4.4 Qualitative evaluation

In Table 5, we present four examples from our test dataset that cover short as well as long sentences. We also include the translations produced by the character-level char2char systems, which is the main focus of this paper. Full examples from the additional systems are available in the supplementary material.

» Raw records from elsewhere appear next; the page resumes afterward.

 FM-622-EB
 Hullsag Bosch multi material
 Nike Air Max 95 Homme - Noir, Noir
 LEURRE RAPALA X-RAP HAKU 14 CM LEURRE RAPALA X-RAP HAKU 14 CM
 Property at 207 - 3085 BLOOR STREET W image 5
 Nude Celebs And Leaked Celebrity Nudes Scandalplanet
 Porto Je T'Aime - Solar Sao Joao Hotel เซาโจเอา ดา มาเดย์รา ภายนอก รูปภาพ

In the first example, which is a short sentence resembling the headline of a document, both the wubi2en and cn2en models produced correct translations. When translating from English to Chinese, however, the en2wubi produced the word ‘与’ (highlighted in red) which more correctly matches the ground truth text. In contrast, the en2cn model produced the synonym ‘和’. In the second example, the en2wubi output completely matches the ground truth and is superior to the en2cn output. The latter failed to correctly translate ‘the’ to ‘这次’ (marked in green).

The wubi2en translation in the third example accurately translated the word ‘believe’ (marked in blue) and the full form of the abbreviation ‘ldcs’ – ‘the least developed countries’ (highlighted in green), whereas the cn2en chooses ‘are convinced’ and ignores ‘ldcs’ in its output sentence. Interestingly, although the ground truth text maps the word ‘essential’ (marked in red) to three Chinese words ‘至␣为␣重要’, both en2wubi and en2cn use only a single word to interpret it. Arguably, en2wubi’s translation ‘至关重要’ is closer to the ground truth than en2cn’s translation ‘必不可少’.

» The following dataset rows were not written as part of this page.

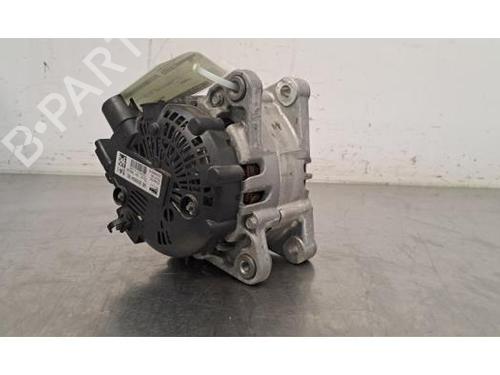 Alternator CITROËN C5 X (ND_, NC_) PureTech 130 (NCHNSP) | BP30046984M7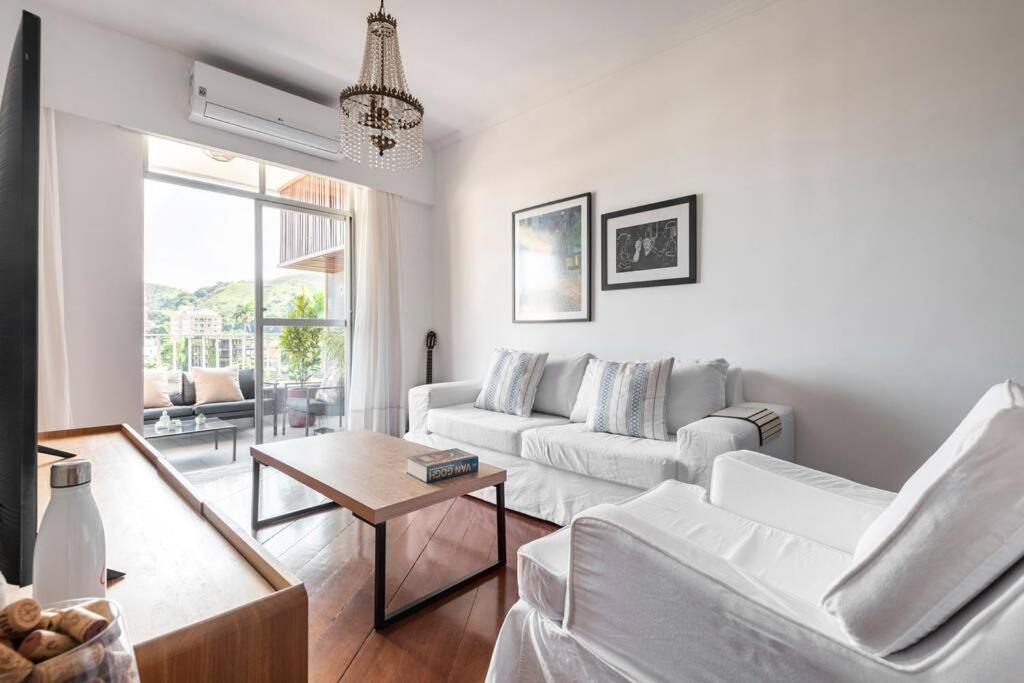 Bed and Breakfast Jacarepaguá Cama&Café à Rio de Janeiro Extérieur photo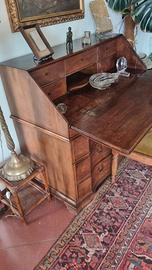 Ribaltina/scrittoio antica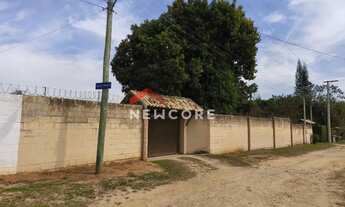 Imagem 3: Chácara em Rua Jary Oliveira da Silva - Chácara Dallas - Taubaté/SP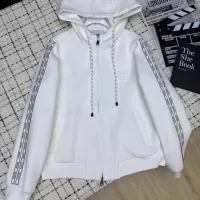 $105.00 USD MIU MIU Tracksuits Long Sleeved For Women #1350996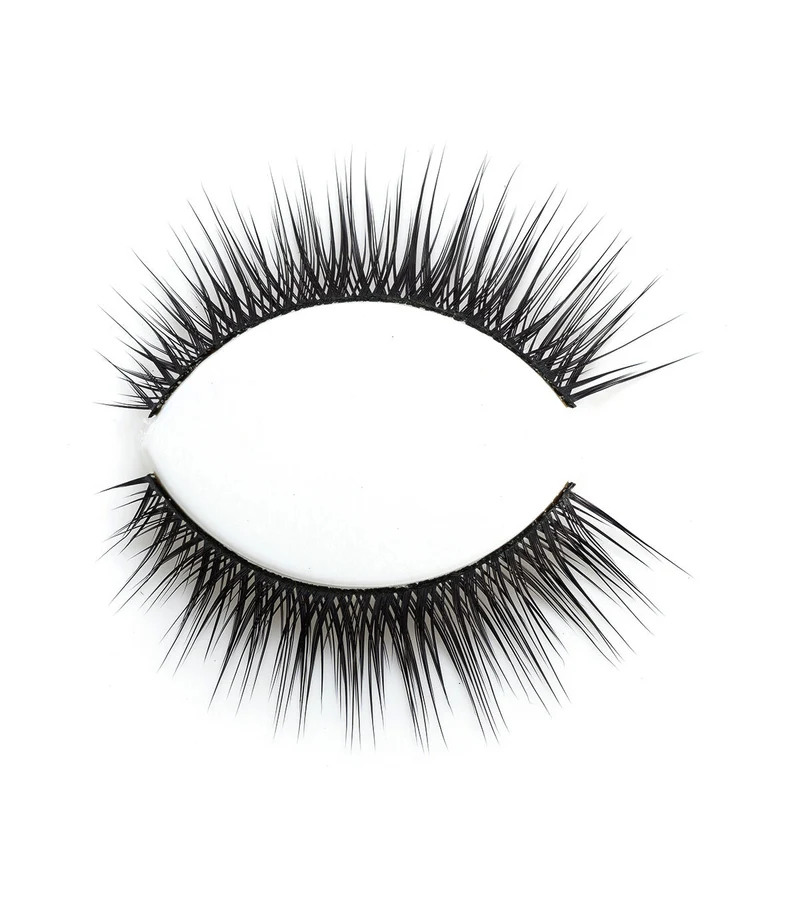 Ciglia finte -regard captivant Peggy sage art130953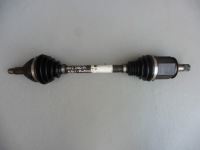Купити Привідний вал ліва mini countryman r60 r61 1,6 16v автоматична коробка передач 9804561 10226014 4x4, фото thumb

The fourth example is more challenging. There, the English ground truth ‘requested’ (highlighted in blue) maps to two different parts of the Chinese ground truth ‘提出’ (in blue) and ‘要求’ (in green). This one-to-many mapping confuses both translation models. The wubi2en tries to match the Chinese text by translating ‘提出’ into ‘proposed’ and ‘要求’ into ‘requirements’: this model may have been misled by the word ‘时’ (can be translated to ‘when’); the output contains an adverbial clause. While the wubi2en output is closer to the ground truth, the two have little overlap. For the English-to-Chinese task, the en2cn translation is better than the one produced by en2wubi: while en2cn successfully translated ‘without explanation’ (in red), the en2wubi model ignored this part of the sentence.

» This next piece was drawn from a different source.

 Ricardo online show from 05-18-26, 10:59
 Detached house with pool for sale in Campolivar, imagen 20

The Wubi-based models tend to produce slightly shorter translations for both directions (see Table 6). In overall, the Wubi-based outputs appear to be visibly better than the raw Chinese-based outputs, in both directions.

Model Word Count
Table 6: Word counts of the outputs of the char2char models (mean and standard deviation).

5 Conclusion

We demonstrated that an intermediate encoding step to ASCII characters is suitable for the character-level Chinese-English translation task, and can even lead to performance improvements. All of our models trained using the Wubi encoding achieve comparable or better performance to the baselines trained directly on raw Chinese. On the character-level, using Wubi yields BLEU improvements when translating both to and from English, despite the increased length of the input or output sequences, and the smaller number of embedding parameters used. Furthermore, there are also improvements on the subword-level, when translating from English.

Future work will focus on making use of the semantic structure of the Wubi encoding scheme, to develop architectures tailored to utilize it. Another exciting future direction is multilingual many-to-one character-level translation from Chinese and several Latin languages simultaneously, which becomes possible using encodings such as Wubi. This has previously been successfully realized for Latin and Cyrillic languages (Lee et al., 2017).


We acknowledge support from the Swiss National Science Foundation (grant 31003A_156976) and from the National Centre of Competence in Research (NCCR) Robotics.